Le 20 mai dernier, à la commission Gallant, l’ex-membre du c.a. de la SAAQ Anne-Marie Croteau déclarait que le parcours difficile de Karl Malenfant à Hydro-Québec avait certainement été vu comme un atout.
Elle disait avoir participé à la dernière entrevue visant à confirmer l’embauche de M. Malenfant à la SAAQ.
« Que ç’a été difficile à Hydro-Québec, on se disait que c’est peut-être une façon d’apprendre des expériences passées. C’était pour nous un peu une garantie qu’il allait faire attention aux anciennes erreurs », a-t-elle déclaré.
Allègement des règles
La SAAQ a décidé en 2013 de confier à M. Malenfant la refonte de ses systèmes informatiques. Sous ses conseils, elle a convaincu le gouvernement d’alléger les règles la régissant.

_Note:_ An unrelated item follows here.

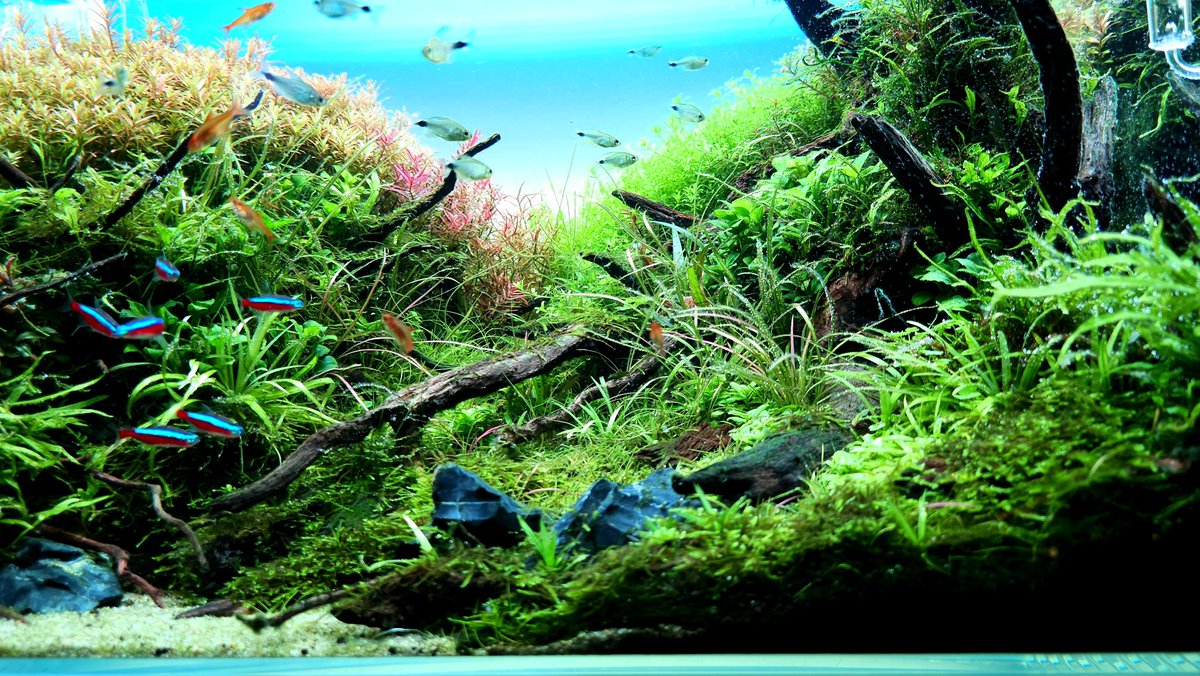 Naka58316413's tweet photo. 今日は仕事帰宅後一番にメイン水槽観賞してからの撮影🌿
今週もお疲れ様です https://t.co/OzV1xoBchJ
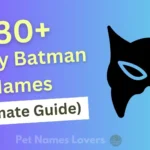 Funny Batman Names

Ainsi, a résumé le procureur Simon Tremblay, au lieu d’avertir le directeur principal de l’information de délais ou de dépassements de coûts, il fallait désormais avertir M. Malenfant.
« M. Malenfant n’est pas seul dans son univers, a insisté Mme Tremblay. Il a un patron, moi, un comité de direction, (…) un c.a. (…) Il y avait des mécanismes. »
Mme Tremblay a toutefois convenu que de permettre à la firme SAP — un potentiel soumissionnaire — de participer au choix du logiciel pour SAAQclic avait été « risqué ».
« J’ai posé les questions, a-t-elle assuré. La réponse qu’on m’a donnée, c’est : (…) SAP est déjà un fournisseur chez nous. On a le droit de lui parler, parce qu’on est déjà en relation d’affaire avec lui. »
Jamais Karl Malenfant ne lui mentionne qu’il a déjà travaillé avec SAP à Hydro-Québec, selon son témoignage. « Pas du tout. »
La commission Gallant poursuit ses travaux toute la semaine à Québec. Elle entendra deux témoignages clés : celui de Mme Tremblay, suivi de celui, très attendu, de M. Malenfant.